What is the Internet Archive?
The Internet Archive is best known for the Wayback Machine, which allows anyone to take a snapshot of what a webpage looked like at a given time, preserving that moment for the future. If a news outlet issues a correction or a politician makes a surreptitious edit to their website, the Archive provides a definitive record of a website at a specific moment, so long as someone—or an automated crawler—archives it. The Archive’s founder, Brewster Kahle, says his goal in founding the Archive in 1996 was “to be a record of what happened so that people can’t rewrite history.” That goal has become a pressing need under the second Trump Administration, which has worked to suppress inconvenient facts and censor information it doesn’t like.
Less well known are the Archive’s libraries of 2 million books and 3 million hours of television, including an archive of state-run propaganda from the likes of Russia...and corporate propaganda from the likes of Fox News. The latter helped me understand the extent to which Fox had lied about me in 2022-2023. Since I don’t watch much TV, let alone keep Fox on all day and night, I needed a way to understand how often Fox had talked about me. The Archive provided it. By my accounting, I was among the top 20 Democrats that Fox discussed, even months after I left government service.
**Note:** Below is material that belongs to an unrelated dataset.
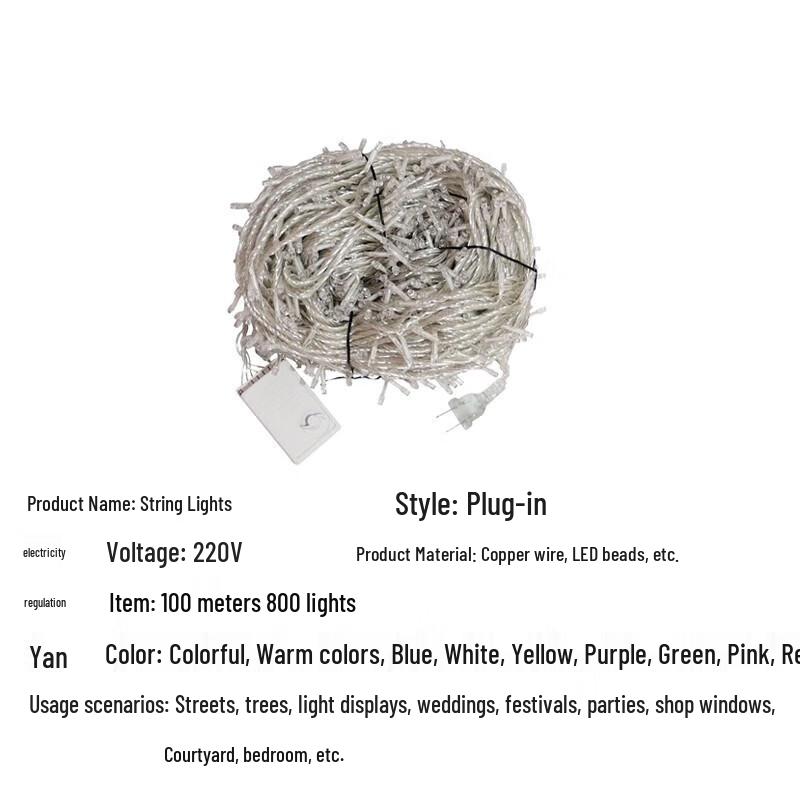 Beigong Outdoor LED String Lights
That’s a personal example, but the professional list is long and far-reaching. I’ve used the Archive to access content that has been taken down. Kat Tenbarge writes, “I’ve used the Wayback Machine to visit archived webpages from more than a decade ago, some of which helped corroborate serious allegations. I use the Wayback Machine regularly to figure out how many followers someone had at a given time, to resurface since-deleted material, and to find context for historical posts.” In my research, I regularly Archive public interest links myself in order to preserve access to them and create a historical record. I’ve been burned too many times by dead links in other people’s work, and that’s not their fault; Kahle points out that the life of the average webpage is only 100 days.
The Internet Archive and Wayback Machine are under serious threat of censorship by news organizations because of AI.